O microempresário da área de alimentos Sebastião do Nascimento compara a relação com planos de saúde com um casamento infeliz. “No começo é ‘meu bem para cá, meu bem para lá’. Depois, quando a coisa aperta, a coisa muda para ‘meus bens para cá, mens bens para lá’.” Há seis anos, diante da dificuldade em contratar um plano individual, o empresário fez um contrato de plano empresarial para ele e outras 14 pessoas, entre funcionários de sua empresa e parentes.

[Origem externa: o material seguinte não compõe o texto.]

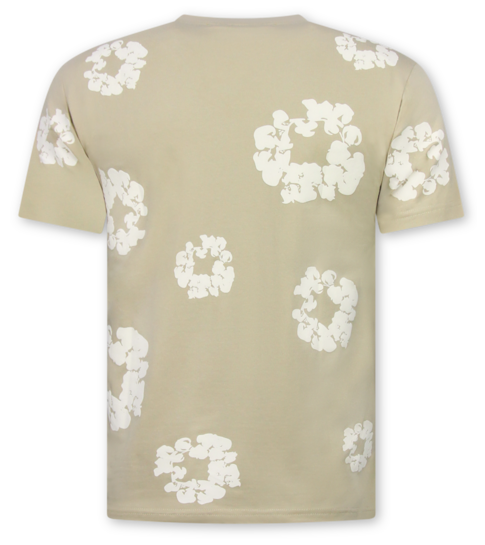 True Rise Bloemen Print  Zomerset Heren - Bloemen Pak met Short Heren Twinset -1770 - Bruin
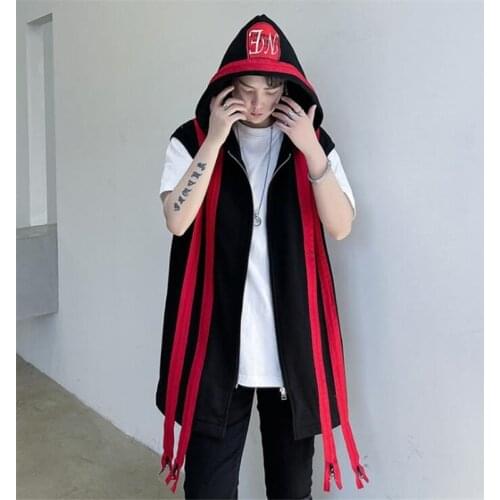 Zipper Long Hooded Vest Men Red Black Patchwork Punk Sleeveless Jacket Techwear Casual Long Gilet For Man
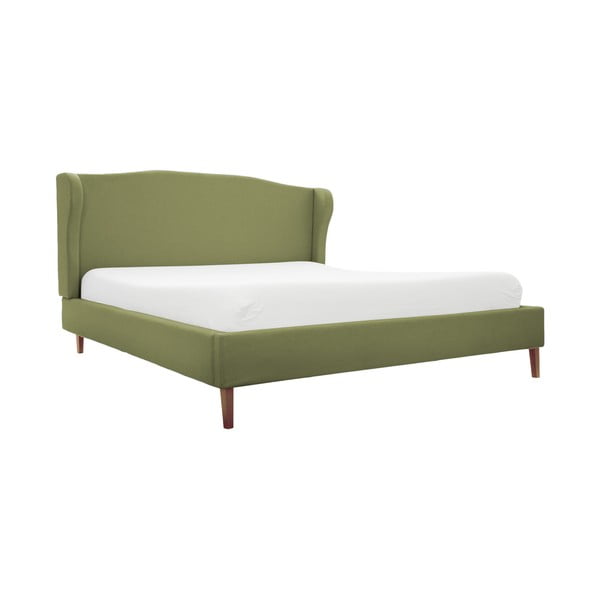 Zelená posteľ s prírodnými nohami Vivonita Windsor, 140 × 200 cm
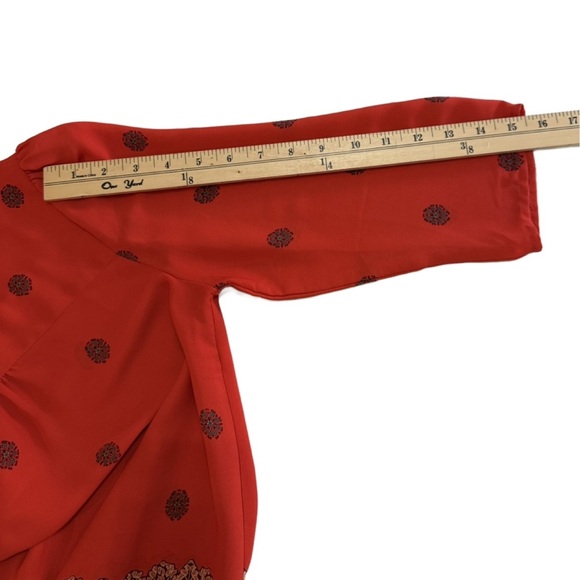 Maeve Anthropology Women's Red Patterned Top size Small - Picture 6 of 6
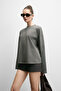 Stonret women's soft fabric 100% Cotton stone detailed long sleeve anthracite t-shirt - 4
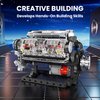 Mould King 10088 V8 Engine Model Kit Build Your Own STEM Mini V8 Model Engine Building Blocks Sets That Works for Adults & Kids Age 14+, 535Pcs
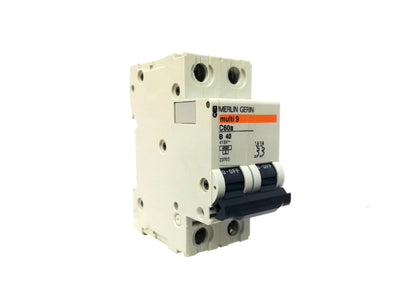 MCB - Miniature Circuit Breaker 40A 4.5kA 2Pole B Curve - B40 Merlin Gerin - Qahraba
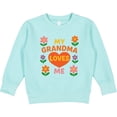 thumbnail image 2 of Inktastic My Grandma Loves Me Heart and Flowers Toddler Sweatshirt, 2 of 4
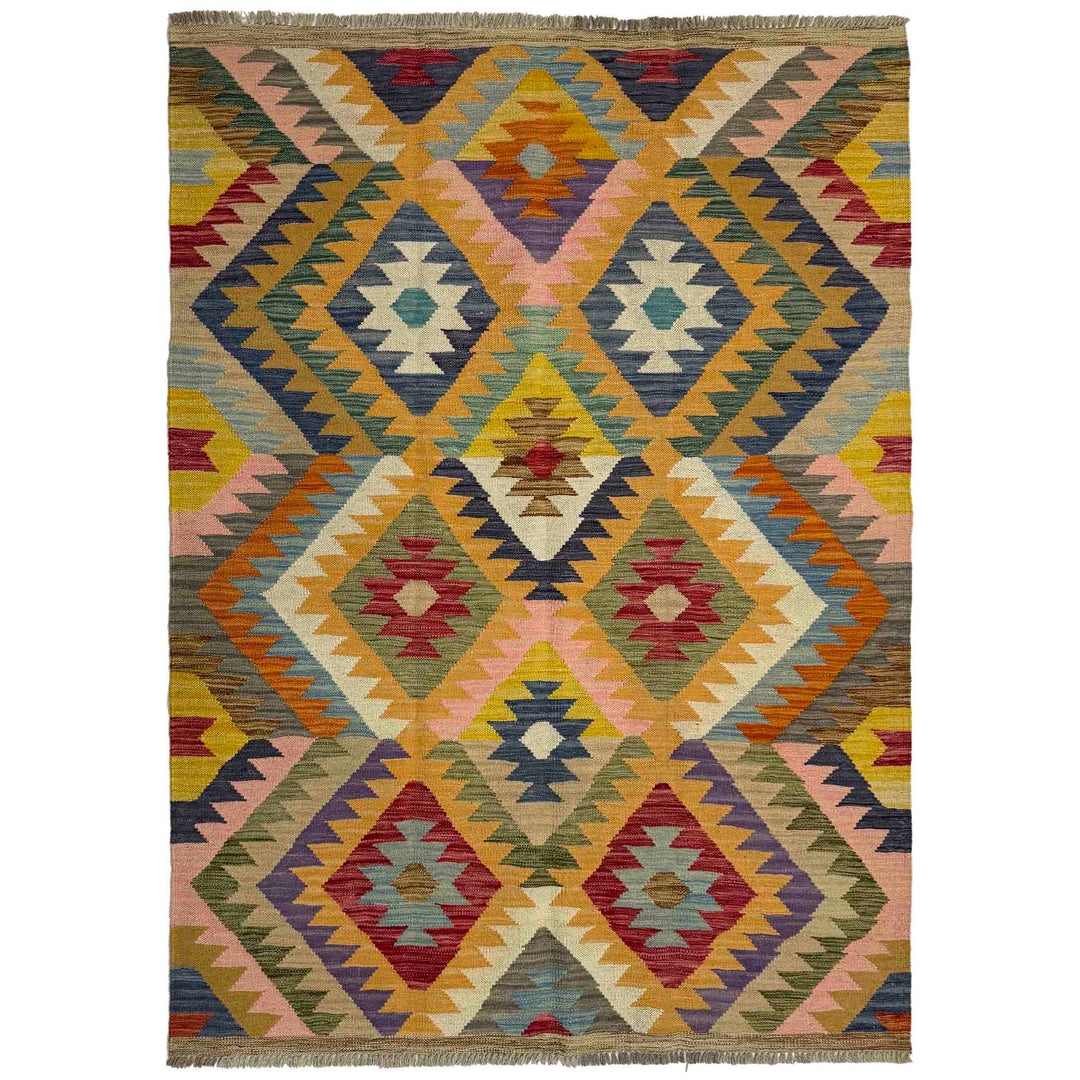 Afghan Vegetable Kilim Rug 4' 1" x 6' 0" Flat-Weave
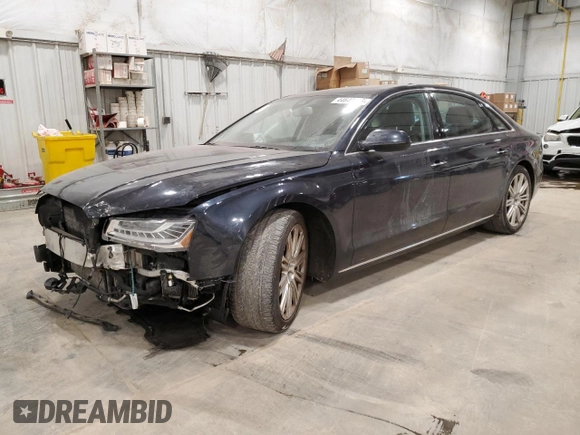 2015 Audi A8 3.0T z VIN WAU3GAFD3FN005842, wystawiony jako Copart lot #44649445 z przebiegiem 181 952 mil mil oraz Czysty tytuł • Clean title. Historia ofert i sprzedaży dostępna na DreamBid. Obrazek 1.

“Nos primeiros anos, tudo correu como esperado. Mas também não usávamos o plano. Era uma consulta aqui, um exame ali”, recorda. A situação mudou quando um dos integrantes do grupo precisou fazer uma cirurgia de hérnia. “Já tinha ouvido sobre o risco de aumento de preços quando uma das pessoas adoece. Mas essa cirurgia é tão simples, não imaginava que seria assim.” A confirmação veio em abril, com reajuste de 27%.

“O interessante é que as operadoras, às vezes, atribuem o aumento da mensalidade à elevação dos gastos em saúde”, diz a advogada Renata Vilhena. Uma das estratégias usadas pela advogada, nos casos em que defende, é justamente pedir para que as empresas comprovem o aumento. “Os dados nunca são repassados.”

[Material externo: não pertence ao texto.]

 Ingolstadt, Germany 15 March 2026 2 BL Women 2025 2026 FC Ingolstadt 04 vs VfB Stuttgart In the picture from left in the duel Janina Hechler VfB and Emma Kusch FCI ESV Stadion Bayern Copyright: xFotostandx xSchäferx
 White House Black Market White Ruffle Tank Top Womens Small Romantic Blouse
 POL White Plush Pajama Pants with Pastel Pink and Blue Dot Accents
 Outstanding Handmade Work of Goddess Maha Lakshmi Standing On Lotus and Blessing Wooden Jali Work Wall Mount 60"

Já a presidente da Federação Nacional de Saúde Suplementar, Solange Beatriz Mendes, elogia o formato proposto pela Agência Nacional de Saúde Suplementar (ANS), mas defende clareza na venda dos planos. “As principais características do contrato devem ser informadas. A regra do cálculo do aumento, as normas de rescisão com novos contratantes.”

Regra frouxa afeta contrato de adesão

Outra modalidade de planos coletivos é o por adesão, em que pessoas jurídicas de caráter profissional ou associações contratam, via administradora de benefícios, planos de saúde. O mercado, porém, tem uma série de associações pouco expressivas vinculadas a essas administradoras para facilitar a adesão de pessoas interessadas nos planos de saúde, mas que não reúnem condições para ingressar em uma associação.

De pouca representatividade, muitas das organizações cobram mensalidades simbólicas, de até R$ 10 mensais, e apresentam como maior atração só a oportunidade de entrar em um plano de adesão.

Assim como os planos empresariais de até 30 pessoas, os planos por adesão podem ser rescindidos unilateralmente após o primeiro ano de aniversário e suas mensalidades não seguem o teto fixado pela ANS.

“Não há critérios para esses aumentos. Muitas vezes, quem dita o porcentual do reajuste são as próprias operadoras de benefícios, que acabam controlando parte do mercado”, diz a advogada Renata Vilhena, especializada em planos de saúde.

A ANS afirma ser responsabilidade da operadora de planos ou da administradora aferir se a associação tem legitimidade para contratar planos.